ANALYSIS OF CUSTOMER REVIEWS USING NLP AND MACHINE LEARNING METHODS

АНАЛИЗ ОТЗЫВОВ ПОКУПАТЕЛЕЙ С ИСПОЛЬЗОВАНИЕМ МЕТОДОВ NLP И МАШИННОГО ОБУЧЕНИЯ
Tynysbekov P. Kultyshev E.
Цитировать:
Tynysbekov P., Kultyshev E. ANALYSIS OF CUSTOMER REVIEWS USING NLP AND MACHINE LEARNING METHODS // Universum: технические науки : электрон. научн. журн. 2025. 5(134). URL: https://7universum.com/ru/tech/archive/item/20095 (дата обращения: 05.12.2025).
Прочитать статью:
DOI - 10.32743/UniTech.2025.134.5.20095

 

ABSTRACT

In the modern digital economy, online product reviews have become a critical source of information for customers and businesses alike. This study focuses on analyzing customer reviews for the product "Miracle Noodle Zero Carb, Gluten Free Shirataki Pasta, Spinach Angel Hair" available on Amazon. Using Natural Language Processing (NLP) techniques, including sentiment analysis with the VADER tool and topic modeling through Latent Dirichlet Allocation (LDA), the research aims to uncover key factors influencing customer satisfaction and dissatisfaction.
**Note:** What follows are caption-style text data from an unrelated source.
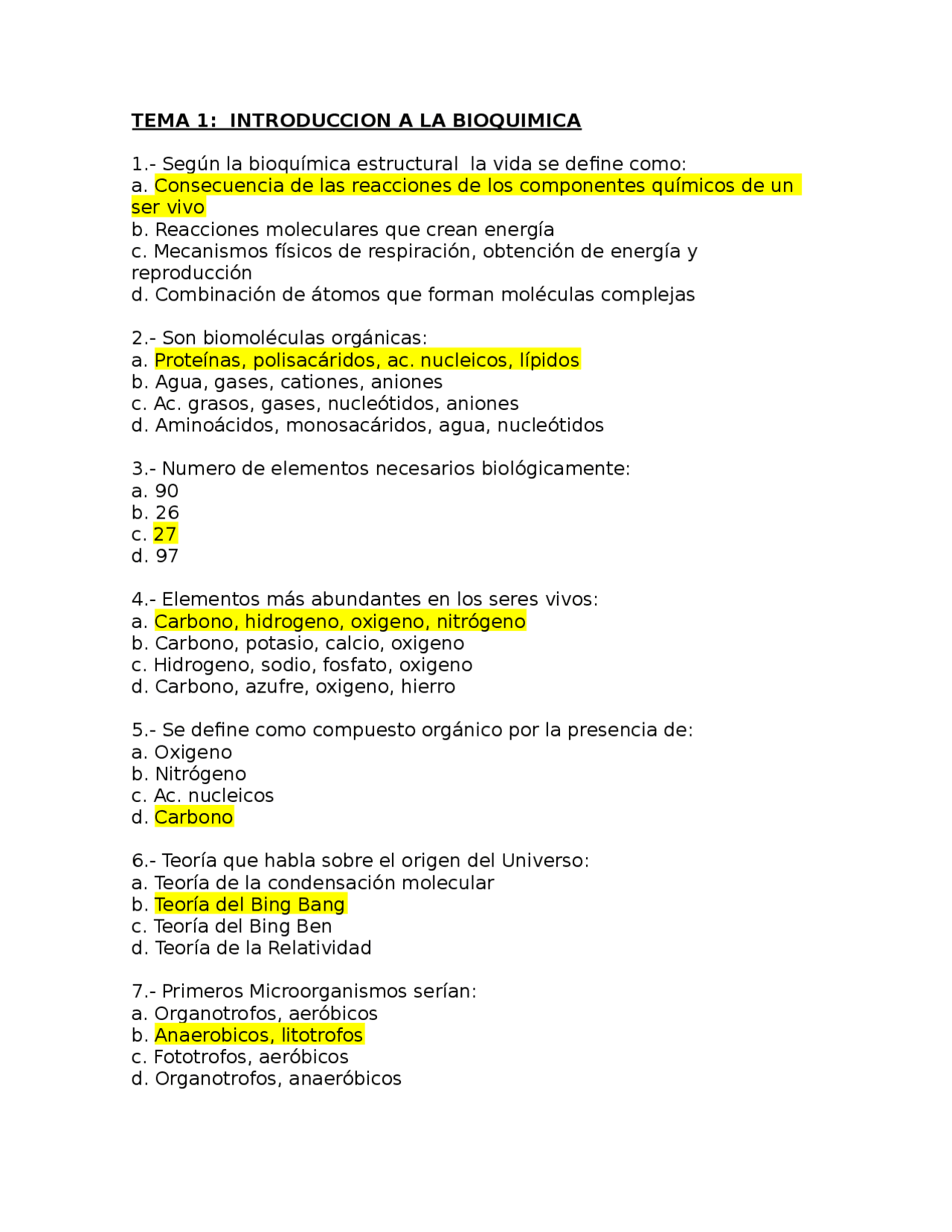O Que São Exames Bioquimicos Examen bioquímica general | Exámenes de Bioquímica - Docsity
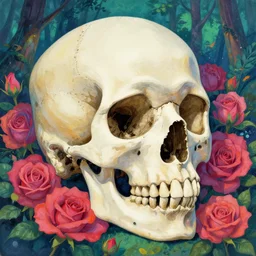 ortographic view of a large skull and psychedelic roses with a forest background by Jen Bartel and Dan Mumford and Satoshi Kon, gouache illustration
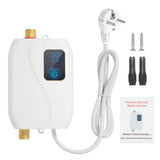 Instant Water Heater 220V 3500W White Mini Electric Tankless Hot Water Heater with LCD Display for Shower Bathroom Kitchen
The dataset was preprocessed using tokenization, lemmatization, and stopword removal to ensure data quality. Sentiment analysis results demonstrated a strong correlation between textual sentiment and star ratings, while topic modeling revealed critical aspects such as taste, texture, and smell influencing customer opinions. Furthermore, machine learning models, particularly logistic regression, achieved high accuracy in classifying review sentiment. The findings offer actionable insights for product improvement and marketing strategies. This study confirms that systematic NLP-based review analysis is a powerful tool for product optimization and strategic decision-making. 

АННОТАЦИЯ

В современной цифровой экономике отзывы покупателей стали важным источником информации для оценки качества продукции и уровня удовлетворенности клиентов. Данное исследование направлено на анализ отзывов о продукте "Miracle Noodle Zero Carb, Gluten Free Shirataki Pasta, Spinach Angel Hair" с использованием методов обработки естественного языка (NLP). Эмоциональная окраска отзывов была оценена с помощью алгоритма VADER, а основные темы выделены с использованием метода Latent Dirichlet Allocation (LDA). Данные были предварительно обработаны через токенизацию, лемматизацию и удаление неинформативных слов. Результаты продемонстрировали сильную корреляцию между эмоциональной окраской текста и пользовательскими оценками. Модели машинного обучения, в частности логистическая регрессия, показали высокую точность в классификации отзывов по эмоциональной окраске. Это исследование подчеркивает значение системного анализа пользовательских отзывов для оптимизации качества продукции и маркетинговых стратегий.

 

Keywords: Natural Language Processing; Sentiment Analysis; Topic Modeling; Customer Reviews; Machine Learning; Product Improvement; Text Mining; VADER; LDA.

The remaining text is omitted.